Come on Nintendo, step it up a little further before the PS4 and XONE is released.


----------



## EzekielRage (Jul 8, 2013)

And that right there, dear Nathan Drake is the reason modern gaming sucks and innovation dies...


----------



## VMM (Jul 9, 2013)

That's what happens when you develop for WiiU.
If Ubisoft made the title a multiplat, and (naturally) changed it's name, it may have sold more.
Now, there is not much they can do, maybe marketing their game a bit more, but I doubt they will still have decent sales.

WiiU failed in pleasing casual gamers, their main gimmick is gone with WiiU gamepad, that is the motion controller.
WiiU also failed to please hardcore gamers, that already have almost every multiplat for WiiU on theirs X360 or PS3.

Many customers do not even know what WiiU is, many still believe it's a new Wii model or an tablet accessory for Wii.

PS4 will cost just $50 more, and will have far superior hardware specs.

Now it's time for Nintendo to step up with strong marketing and a price drop.
If Nintendo sell it for $300 or less, with a decent market, it may have a chance of success,
but if it keep going that way, it will be the new Dreamcast.

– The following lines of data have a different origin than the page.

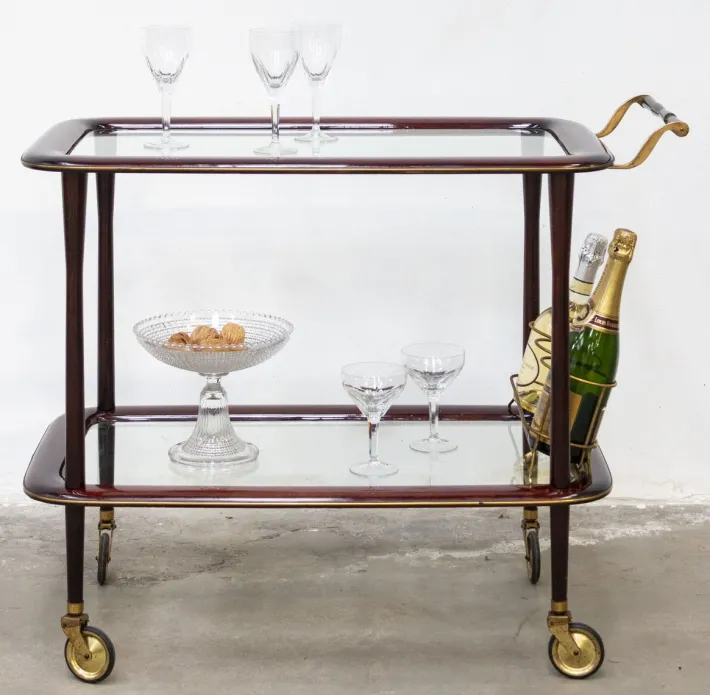 Pamono Vintage Bar Cart in Lacquered Wood and Brass, 1950s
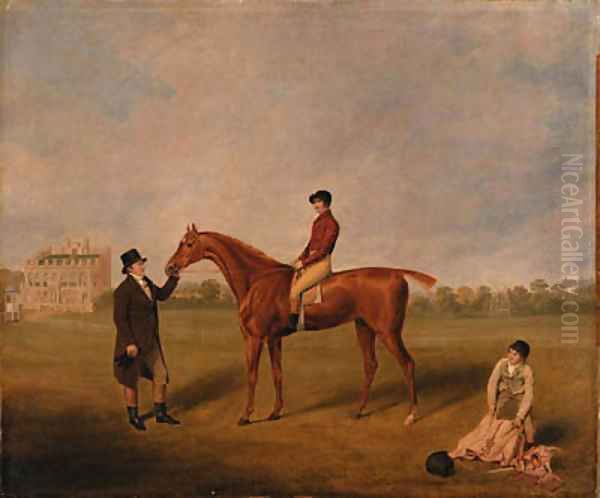 King David with Jockey Up and held by a Trainer at Newcastle Oil Painting by William Henry Davis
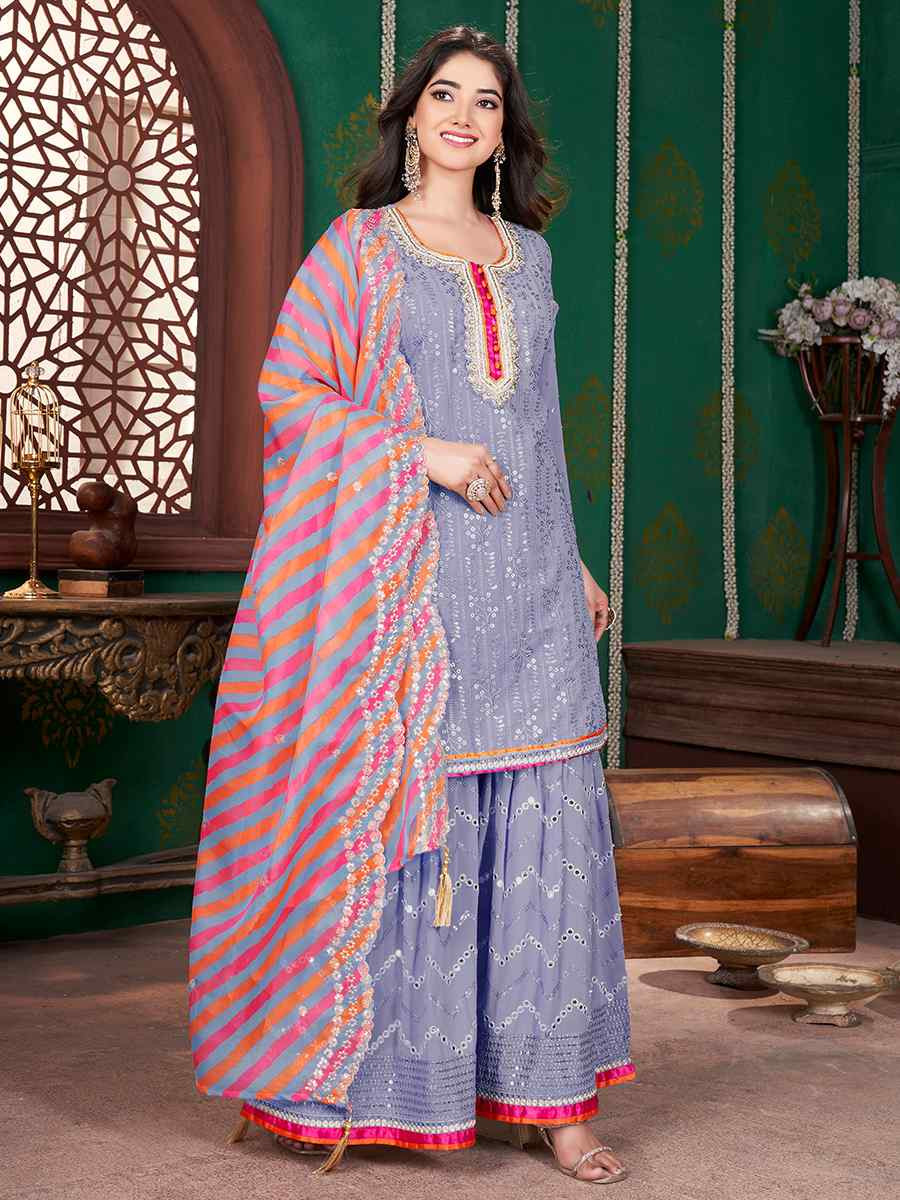 Light Purple Georgette Embroidered Party Casual Ready Sharara Pant Salwar Kameez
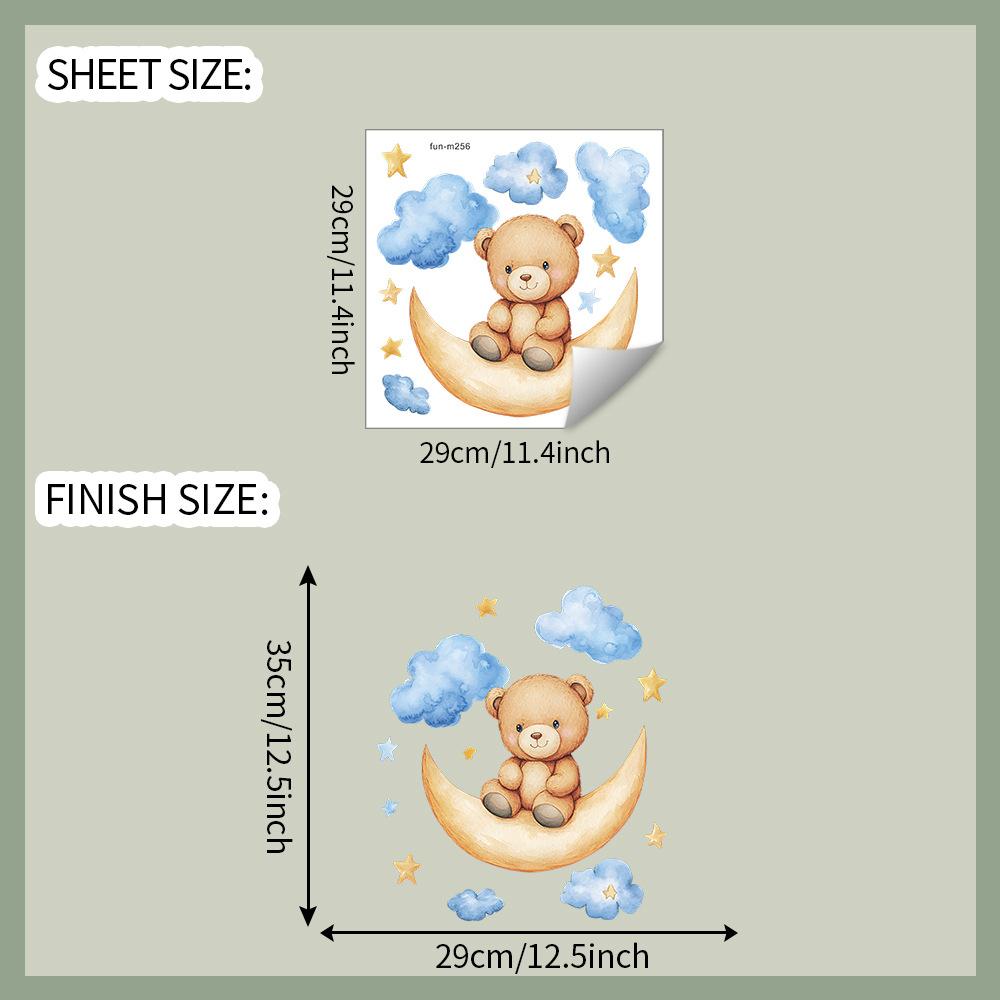 Cartoon Goodnight Bear Rabbit Stars Bathroom Toilet Toilet Stickers Home Beautification and Decoration Stickers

If Nintendo waits until Christmas for marketing WiiU then people will instead be buying PS4 or X1, and WiiU will sell poorly.
Right now there isn't any new console on the market, it's time for Nintendo to start advertising.
Maybe then people will start buying or saving money to buy it on holiday season.


----------



## grossaffe (Jul 9, 2013)

PS4 costs $100 more.  The basic Wii U costs $300, the Nintendo Land bundle costs $350.


----------



## orcid (Jul 9, 2013)

It`s Ubisoft's fault. They could make a better game.
I like survival horror, but after reading the reviews and playing the demo I didn't want to buy it.
I think that the game is even a reason that the Wii U sold bad and had a bad reputation right from the start. There is a new console and the only exclusive for the mature audience looks like a PS2/Wii game. This is not very appealing to many people.

The delay of rayman because of zombi u is stupid. I am sure that rayman would have been sold better than zombi u and there was no problem making money with rayman on other platforms later this year.


----------



## Nathan Drake (Jul 9, 2013)

GreatZimkogway said:


> No online play was your fault, Ubisoft, don't go blaming Nintendo for your mistakes.

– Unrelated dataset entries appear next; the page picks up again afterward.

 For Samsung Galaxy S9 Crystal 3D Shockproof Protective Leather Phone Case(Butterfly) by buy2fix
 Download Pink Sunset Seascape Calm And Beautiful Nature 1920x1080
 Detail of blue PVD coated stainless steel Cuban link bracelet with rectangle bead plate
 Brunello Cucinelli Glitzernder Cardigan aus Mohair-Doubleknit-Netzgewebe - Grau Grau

Online play was EA's gripe. Remember, bolded portions of news are usually important for pointing out main details. Ubisoft's issue was simply that their game sold poorly, and the venture proved not to be worthwhile.



orcid said:


> It`s Ubisoft's fault. They could make a better game.
> I like survival horror, but after reading the reviews and playing the demo I didn't want to buy it.
> I think that the game is even a reason that the Wii U sold bad and had a bad reputation right from the start. There is a new console and the only exclusive for the mature audience looks like a PS2/Wii game. This is not very appealing to many people.
> 
> The delay of rayman because of zombi u is stupid. I am sure that rayman would have been sold better than zombi u and there was no problem making money with rayman on other platforms later this year.


Launch games are rarely all that. The Wii U has sold bad primarily because of consumer confusion, and otherwise because third parties don't want to back it because their ventures so far have apparently been even less profitable than normal first year sales. Rayman Legends went multiplat likely because partially of bad Wii U sales, and partially because, although the game has been profitable for Ubisoft, Rayman Origins has sold far below expectations. With the idea that Rayman isn't selling as well as he once did, good game or no, and that Ubisoft's initial attempt on the Wii U ended badly, it's no surprise that Rayman Legends didn't stay an exclusive.



grossaffe said:


> PS4 costs $100 more. The basic Wii U costs $300, the Nintendo Land bundle costs $350.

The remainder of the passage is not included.